MAAS Group: Continuing to execute the game plan

About the author:

Kurt Gelsomino
Author name:
By Kurt Gelsomino
Job title:
Former Analyst
Date posted:
25 February 2022, 12:30 PM
Sectors Covered:
Building Materials, Industrials, Gaming

  • MAAS Group's (ASX:MGH) interim result was in line with guidance for EBITDA to be ~35% weighted to the 1H22. A strong liquidity position will support the continued execution of its growth initiatives.
  • With FY22 guidance (EBITDA +52-65%) reiterated, organic growth across Construction Materials and Real Estate is set to accelerate over the 2H22.
  • M&A is nearing completion, which will provide a strong foundation for the business heading into FY23 and we continue to see scope for Residential Real Estate to organically surprise to the upside over FY23/24. 
  • We remain attracted to MGH’s strong medium-term growth outlook and maintain our Add rating and (login to view) target price. 

Solid 1H22 result

MGH delivered 1H22 pro forma revenue growth of 58%, EBITDA of A$40.1m (+32%) and NPAT of A$16.6m (+6%). The results were slightly (5%) below our EBITDA forecast (A$42.0m) and 18% below our NPAT forecast (A$20.3m), with higher than expected D&A largely explained by A$1.6m of acquisition amortisation.

As expected, earnings growth was underpinned by the contribution from prior year M&A across the Civil Construction & Hire (EBITDA +23%) and Construction Materials (EBITDA +70%) segments. Overall, the result was in line with guidance of a ~35% 1H EBITDA skew.

Reported operating cashflow (outflow of A$0.8m) was impacted by an increase in general working capital (A$9.6m impact) and increase in land inventory held for resale (A$19.8m). Excluding the build in land inventory, operating cash conversion was solid at 72% and we expect solid 2H22 cash generation as its residential lots are settled.

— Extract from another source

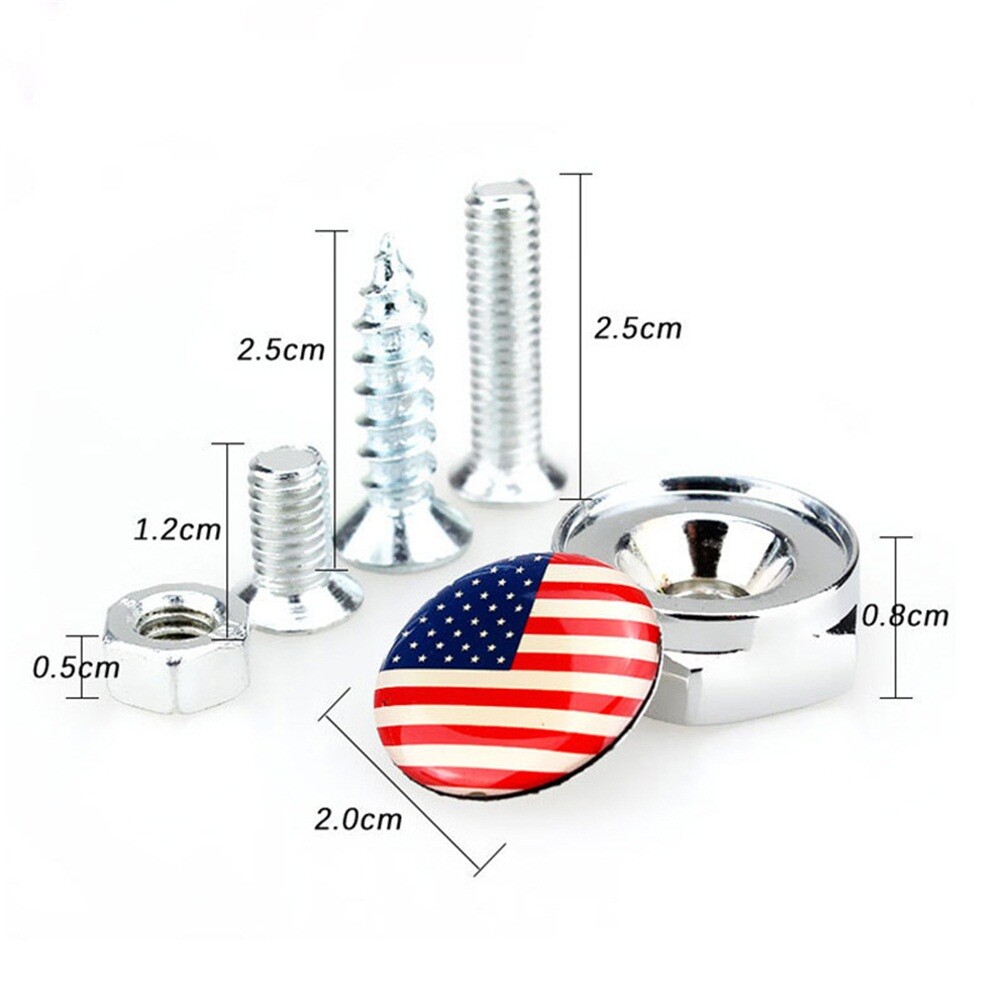 2 Pair Silver-Color US Fasten Screw Fasteners-Nuts Bolt Metal Hardware Fastener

Net debt was A$151.4m (vs. A$126.5m at Jun-21), with trailing leverage of 1.8x comfortably within its 3.5x covenant. MGH retains significant liquidity (pro forma of A$267.5m) to fund its growth initiatives and is carrying ~A$180m of property on its balance sheet across residential property (A$71m), investment property (A$101m) and equity investments (A$8m).

Focus turns to the strong 2H outlook and platform for FY23

FY22 guidance

MGH reiterated FY22 underlying EBITDA guidance of A$115-125m, +52-65%. The range implies 2H22 EBITDA of A$74.9-A$84.9m, +65%-87% yoy (2H skew of ~65-68%). As a reminder, guidance assumes an equal contribution from prior year M&A (A$20-24m EBITDA uplift) and organic growth (A$19-25m) and continues to exclude the cleansing notice acquisitions.

We understand MGH effectively has ~100% of work in hand to deliver guidance, with the timing of delivery the main 2H watch point. 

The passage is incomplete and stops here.